_WHAT NEEDS TO BE DONE_
From the line with "Бита с торцевой" to the line with "Panqueques Para Todo", retype every line exactly, including those two, and leave out the rest of the data below.

Recorded data
------------------------------

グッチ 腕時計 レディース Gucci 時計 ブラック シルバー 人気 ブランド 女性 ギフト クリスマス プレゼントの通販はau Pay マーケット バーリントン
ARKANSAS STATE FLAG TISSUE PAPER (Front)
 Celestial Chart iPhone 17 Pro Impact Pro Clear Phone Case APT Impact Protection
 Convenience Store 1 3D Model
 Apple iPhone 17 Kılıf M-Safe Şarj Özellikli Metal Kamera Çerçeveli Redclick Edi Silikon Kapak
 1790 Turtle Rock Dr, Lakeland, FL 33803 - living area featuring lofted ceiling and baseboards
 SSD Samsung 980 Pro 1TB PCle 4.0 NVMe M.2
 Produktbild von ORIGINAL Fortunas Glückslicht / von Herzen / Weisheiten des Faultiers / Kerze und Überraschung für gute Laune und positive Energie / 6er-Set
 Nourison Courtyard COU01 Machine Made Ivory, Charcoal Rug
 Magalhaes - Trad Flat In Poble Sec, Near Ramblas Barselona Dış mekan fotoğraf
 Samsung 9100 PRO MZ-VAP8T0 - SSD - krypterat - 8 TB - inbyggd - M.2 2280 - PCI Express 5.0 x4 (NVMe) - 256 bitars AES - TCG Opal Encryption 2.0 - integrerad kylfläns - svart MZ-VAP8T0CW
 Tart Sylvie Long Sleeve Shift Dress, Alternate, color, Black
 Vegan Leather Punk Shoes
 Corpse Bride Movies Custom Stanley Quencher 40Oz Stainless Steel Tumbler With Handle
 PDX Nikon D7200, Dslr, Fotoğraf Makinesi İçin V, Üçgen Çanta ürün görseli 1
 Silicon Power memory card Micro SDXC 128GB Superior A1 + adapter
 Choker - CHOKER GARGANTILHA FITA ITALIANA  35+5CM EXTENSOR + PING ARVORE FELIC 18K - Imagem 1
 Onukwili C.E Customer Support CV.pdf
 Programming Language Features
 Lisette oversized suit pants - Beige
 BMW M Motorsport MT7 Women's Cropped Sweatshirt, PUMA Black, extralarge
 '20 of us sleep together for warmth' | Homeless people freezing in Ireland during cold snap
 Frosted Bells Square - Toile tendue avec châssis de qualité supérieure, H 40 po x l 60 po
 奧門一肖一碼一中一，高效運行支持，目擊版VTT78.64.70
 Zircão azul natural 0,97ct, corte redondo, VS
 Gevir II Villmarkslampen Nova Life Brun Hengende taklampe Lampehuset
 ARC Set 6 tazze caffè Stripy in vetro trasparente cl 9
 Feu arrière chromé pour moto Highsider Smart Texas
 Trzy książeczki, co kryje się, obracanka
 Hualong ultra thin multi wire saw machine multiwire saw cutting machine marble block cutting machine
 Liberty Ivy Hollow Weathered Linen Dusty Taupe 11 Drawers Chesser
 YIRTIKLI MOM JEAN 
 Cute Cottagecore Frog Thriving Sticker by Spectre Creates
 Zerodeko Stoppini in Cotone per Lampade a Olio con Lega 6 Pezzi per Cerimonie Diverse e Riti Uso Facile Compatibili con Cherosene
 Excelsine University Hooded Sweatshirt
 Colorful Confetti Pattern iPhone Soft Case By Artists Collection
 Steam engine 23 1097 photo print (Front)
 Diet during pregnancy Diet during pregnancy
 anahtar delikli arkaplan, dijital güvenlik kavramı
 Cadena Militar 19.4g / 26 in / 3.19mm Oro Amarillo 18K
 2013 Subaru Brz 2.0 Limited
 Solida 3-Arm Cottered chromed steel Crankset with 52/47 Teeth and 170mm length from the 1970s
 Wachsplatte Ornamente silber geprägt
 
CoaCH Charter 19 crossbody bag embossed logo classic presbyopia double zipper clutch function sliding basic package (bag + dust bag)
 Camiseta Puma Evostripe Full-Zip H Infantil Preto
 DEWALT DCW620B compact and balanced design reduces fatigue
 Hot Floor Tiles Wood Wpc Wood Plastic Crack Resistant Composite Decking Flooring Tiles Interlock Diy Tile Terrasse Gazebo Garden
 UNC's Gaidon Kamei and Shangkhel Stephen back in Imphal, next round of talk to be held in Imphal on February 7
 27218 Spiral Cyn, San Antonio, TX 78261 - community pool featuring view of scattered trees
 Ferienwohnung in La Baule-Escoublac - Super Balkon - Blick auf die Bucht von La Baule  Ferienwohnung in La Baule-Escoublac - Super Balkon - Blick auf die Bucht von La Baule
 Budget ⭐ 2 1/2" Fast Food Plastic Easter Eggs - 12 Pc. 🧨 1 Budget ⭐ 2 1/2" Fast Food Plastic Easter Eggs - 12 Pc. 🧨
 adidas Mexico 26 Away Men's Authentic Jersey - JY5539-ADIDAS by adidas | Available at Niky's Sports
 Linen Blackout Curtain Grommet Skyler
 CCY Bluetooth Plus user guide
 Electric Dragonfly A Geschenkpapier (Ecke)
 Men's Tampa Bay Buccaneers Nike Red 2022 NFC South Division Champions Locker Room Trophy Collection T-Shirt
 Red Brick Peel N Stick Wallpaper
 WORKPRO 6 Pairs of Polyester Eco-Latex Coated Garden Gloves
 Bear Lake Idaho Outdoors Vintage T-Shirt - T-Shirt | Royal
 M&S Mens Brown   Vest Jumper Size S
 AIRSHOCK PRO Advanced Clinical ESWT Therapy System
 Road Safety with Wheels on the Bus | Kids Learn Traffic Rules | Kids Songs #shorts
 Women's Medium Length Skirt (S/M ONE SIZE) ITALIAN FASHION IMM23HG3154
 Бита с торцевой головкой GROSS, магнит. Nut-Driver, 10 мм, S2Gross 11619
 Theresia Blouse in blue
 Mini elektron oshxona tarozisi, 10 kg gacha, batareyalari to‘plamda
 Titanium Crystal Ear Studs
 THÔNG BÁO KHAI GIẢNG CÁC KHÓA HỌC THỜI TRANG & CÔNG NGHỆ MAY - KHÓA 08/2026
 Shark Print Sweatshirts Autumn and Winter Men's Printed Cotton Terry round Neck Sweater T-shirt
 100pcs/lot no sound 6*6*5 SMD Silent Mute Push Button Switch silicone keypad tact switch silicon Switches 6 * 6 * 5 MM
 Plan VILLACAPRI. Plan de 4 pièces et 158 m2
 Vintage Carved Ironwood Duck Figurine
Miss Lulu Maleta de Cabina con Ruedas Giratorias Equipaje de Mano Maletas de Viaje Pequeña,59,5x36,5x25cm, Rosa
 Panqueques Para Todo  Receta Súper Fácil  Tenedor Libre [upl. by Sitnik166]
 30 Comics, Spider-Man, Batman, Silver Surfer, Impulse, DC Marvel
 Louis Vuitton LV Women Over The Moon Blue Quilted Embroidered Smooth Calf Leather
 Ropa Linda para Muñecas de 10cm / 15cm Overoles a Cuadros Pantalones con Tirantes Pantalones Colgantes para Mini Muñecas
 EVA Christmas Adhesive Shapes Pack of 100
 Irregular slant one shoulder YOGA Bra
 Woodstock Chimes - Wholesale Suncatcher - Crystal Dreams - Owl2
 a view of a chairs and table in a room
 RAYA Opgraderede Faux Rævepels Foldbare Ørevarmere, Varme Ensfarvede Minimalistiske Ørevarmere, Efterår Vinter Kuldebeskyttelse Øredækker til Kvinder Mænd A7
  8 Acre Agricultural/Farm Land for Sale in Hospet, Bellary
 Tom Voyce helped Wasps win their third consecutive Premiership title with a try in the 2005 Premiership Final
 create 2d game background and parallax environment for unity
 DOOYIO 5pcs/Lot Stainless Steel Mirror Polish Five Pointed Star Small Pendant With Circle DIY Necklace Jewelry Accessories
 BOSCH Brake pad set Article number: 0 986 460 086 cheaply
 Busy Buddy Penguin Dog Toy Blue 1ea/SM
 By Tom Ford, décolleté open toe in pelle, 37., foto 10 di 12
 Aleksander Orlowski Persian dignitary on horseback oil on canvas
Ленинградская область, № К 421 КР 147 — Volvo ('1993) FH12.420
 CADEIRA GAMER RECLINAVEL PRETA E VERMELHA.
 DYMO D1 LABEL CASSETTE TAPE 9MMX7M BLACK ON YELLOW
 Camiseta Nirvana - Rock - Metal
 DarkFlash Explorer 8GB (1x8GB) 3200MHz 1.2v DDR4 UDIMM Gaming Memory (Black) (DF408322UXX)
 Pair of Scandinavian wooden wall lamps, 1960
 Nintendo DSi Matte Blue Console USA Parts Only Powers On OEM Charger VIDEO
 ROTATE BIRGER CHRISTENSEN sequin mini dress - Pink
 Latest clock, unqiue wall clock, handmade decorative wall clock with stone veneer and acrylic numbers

------------------------------

_YOUR SOLUTION_
 Бита с торцевой головкой GROSS, магнит. Nut-Driver, 10 мм, S2Gross 11619
 Theresia Blouse in blue
 Mini elektron oshxona tarozisi, 10 kg gacha, batareyalari to‘plamda
 Titanium Crystal Ear Studs
 THÔNG BÁO KHAI GIẢNG CÁC KHÓA HỌC THỜI TRANG & CÔNG NGHỆ MAY - KHÓA 08/2026
 Shark Print Sweatshirts Autumn and Winter Men's Printed Cotton Terry round Neck Sweater T-shirt
 100pcs/lot no sound 6*6*5 SMD Silent Mute Push Button Switch silicone keypad tact switch silicon Switches 6 * 6 * 5 MM
 Plan VILLACAPRI. Plan de 4 pièces et 158 m2
 Vintage Carved Ironwood Duck Figurine
Miss Lulu Maleta de Cabina con Ruedas Giratorias Equipaje de Mano Maletas de Viaje Pequeña,59,5x36,5x25cm, Rosa
 Panqueques Para Todo  Receta Súper Fácil  Tenedor Libre [upl. by Sitnik166]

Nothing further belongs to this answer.